Defendant Anne Hack, a proprietary tenant and shareholder in defendant Christopher Street Owners Corp., a residential cooperative, hired plaintiff to clean her apartment windows. While cleaning the outside surface of a window, plaintiff slipped off the exterior sill and fell three stories to the courtyard.
On a previous appeal from the disposition of opposing summary judgment motions, this Court modified an order dismissing plaintiff's cause of action pursuant to Labor Law § 240(1) as against defendant cooperative and its managing agent to dismiss the complaint in its entirety ( 211 A.D.2d 441); the Court of Appeals affirmed, noting the parties' failure to address Labor Law § 202 in their briefs ( 87 N.Y.2d 938, 939). A subsequent motion to resettle this Court's order so as to limit dismissal to the cause of action based on Labor Law § 240(1) was denied. Plaintiff then commenced a second action, which was dismissed on the ground of res judicata, this Court affirming ( 256 A.D.2d 78, lv denied 93 N.Y.2d 804).
While the original complaint sought recovery pursuant to Labor Law § 202 and § 240(1), it stated that "defendants are absolutely liable" for plaintiff's injuries. On his motion for summary judgment, plaintiff quoted a prior order, in which Supreme Court remarked that this action was pleaded "as a violation of Labor Law § 240" because plaintiff "explicitly stated he has no negligence claim." Thus, upon finding plaintiff's Labor Law § 240(1) claim to be unavailing as against any party, this Court dismissed the complaint ( 211 A.D.2d 441).

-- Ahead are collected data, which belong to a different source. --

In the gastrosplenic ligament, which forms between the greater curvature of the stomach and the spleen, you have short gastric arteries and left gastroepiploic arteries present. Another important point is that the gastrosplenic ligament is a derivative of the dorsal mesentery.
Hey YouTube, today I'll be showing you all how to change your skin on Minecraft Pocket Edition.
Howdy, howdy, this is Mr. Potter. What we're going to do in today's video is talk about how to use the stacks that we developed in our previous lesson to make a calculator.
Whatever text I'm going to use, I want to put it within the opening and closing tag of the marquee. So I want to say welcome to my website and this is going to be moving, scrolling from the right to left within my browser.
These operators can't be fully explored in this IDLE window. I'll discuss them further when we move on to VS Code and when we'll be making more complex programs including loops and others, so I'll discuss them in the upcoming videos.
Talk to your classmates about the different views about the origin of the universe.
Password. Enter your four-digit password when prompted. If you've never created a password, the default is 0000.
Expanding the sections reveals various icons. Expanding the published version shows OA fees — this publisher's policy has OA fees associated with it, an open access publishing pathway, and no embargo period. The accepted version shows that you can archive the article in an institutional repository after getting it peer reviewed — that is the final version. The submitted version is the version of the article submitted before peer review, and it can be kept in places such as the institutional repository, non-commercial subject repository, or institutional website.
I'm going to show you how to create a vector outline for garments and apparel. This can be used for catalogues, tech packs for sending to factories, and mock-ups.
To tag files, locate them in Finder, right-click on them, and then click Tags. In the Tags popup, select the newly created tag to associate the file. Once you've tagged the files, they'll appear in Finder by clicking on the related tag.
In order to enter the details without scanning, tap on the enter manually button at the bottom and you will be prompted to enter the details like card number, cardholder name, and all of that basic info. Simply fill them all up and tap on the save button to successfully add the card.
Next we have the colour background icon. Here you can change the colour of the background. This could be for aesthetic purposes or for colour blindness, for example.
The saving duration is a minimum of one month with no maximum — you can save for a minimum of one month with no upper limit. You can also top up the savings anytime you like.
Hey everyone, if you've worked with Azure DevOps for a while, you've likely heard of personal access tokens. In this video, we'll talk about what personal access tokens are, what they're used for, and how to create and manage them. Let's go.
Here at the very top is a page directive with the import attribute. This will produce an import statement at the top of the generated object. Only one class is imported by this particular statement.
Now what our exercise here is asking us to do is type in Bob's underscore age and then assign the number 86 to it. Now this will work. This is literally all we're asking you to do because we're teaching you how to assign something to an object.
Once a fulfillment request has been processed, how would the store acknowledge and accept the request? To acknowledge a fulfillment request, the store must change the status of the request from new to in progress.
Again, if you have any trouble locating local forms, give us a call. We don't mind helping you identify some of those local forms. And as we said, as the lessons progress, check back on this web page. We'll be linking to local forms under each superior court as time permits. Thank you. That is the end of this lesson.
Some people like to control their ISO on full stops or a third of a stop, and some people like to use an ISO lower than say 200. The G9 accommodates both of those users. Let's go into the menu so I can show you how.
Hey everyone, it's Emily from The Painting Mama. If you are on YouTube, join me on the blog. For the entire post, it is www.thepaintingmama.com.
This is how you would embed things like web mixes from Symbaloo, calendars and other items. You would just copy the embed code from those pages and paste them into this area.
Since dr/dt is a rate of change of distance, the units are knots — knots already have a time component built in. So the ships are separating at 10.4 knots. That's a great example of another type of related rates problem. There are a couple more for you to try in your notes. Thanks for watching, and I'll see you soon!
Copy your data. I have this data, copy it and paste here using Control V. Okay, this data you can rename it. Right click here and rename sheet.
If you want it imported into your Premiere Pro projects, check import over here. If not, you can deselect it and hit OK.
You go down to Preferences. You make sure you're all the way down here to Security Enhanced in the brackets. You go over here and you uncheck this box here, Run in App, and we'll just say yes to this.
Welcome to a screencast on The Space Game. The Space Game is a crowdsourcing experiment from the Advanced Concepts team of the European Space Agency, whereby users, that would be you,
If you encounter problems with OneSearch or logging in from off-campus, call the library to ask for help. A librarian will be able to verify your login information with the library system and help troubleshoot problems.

Labor Law § 202 requires the application of comparative negligence principles because statutory liability is predicated on a violation of the Industrial Code ( see Bauer v. Female Academy of the Sacred Heart, 97 N.Y.2d 445, 452-453), which constitutes only "some evidence of negligence" ( Elliott v. City of New York, 95 N.Y.2d 730, 734-735). Thus, from the outset, the § 202 claim was inconsistent with plaintiff's theory of recovery premised upon absolute liability, and plaintiff's failure to raise the issue before the Court of Appeals ( 87 N.Y.2d 938, at 939) merely confirmed his intention to abandon this basis of liability.
THIS CONSTITUTES THE DECISION AND ORDER OF THE SUPREME COURT, APPELLATE DIVISION, FIRST DEPARTMENT.